Recorded information –
==========

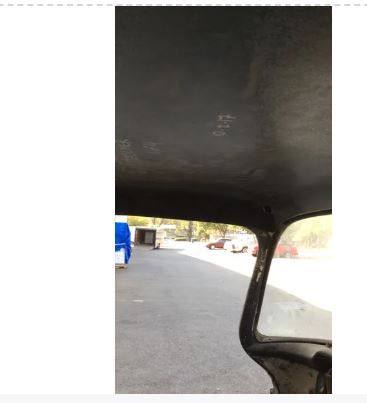 A black headliner for a 1955-1959 Chevrolet Truck, showing the material texture and the beginning of the frame attachment points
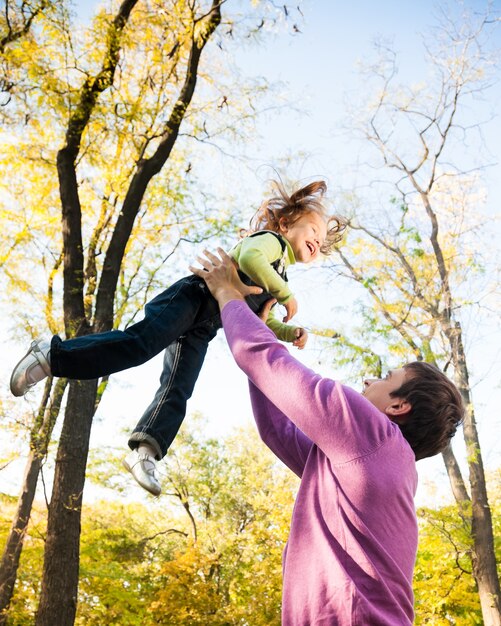 Man with child having fun in autumn park. Focus on man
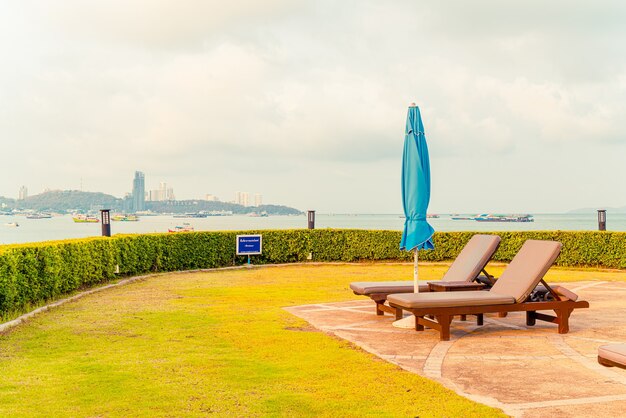 cadeira de piscina ou piscina com cama e guarda-sol ao redor da piscina com fundo de praia do mar em Pattaya, na Tailândia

==========

Task prompt –
With the pictures left out, give again exactly the lines from the one that contains "Man with child" through the final line of the data above.

Written reply –
 Man with child having fun in autumn park. Focus on man
 cadeira de piscina ou piscina com cama e guarda-sol ao redor da piscina com fundo de praia do mar em Pattaya, na Tailândia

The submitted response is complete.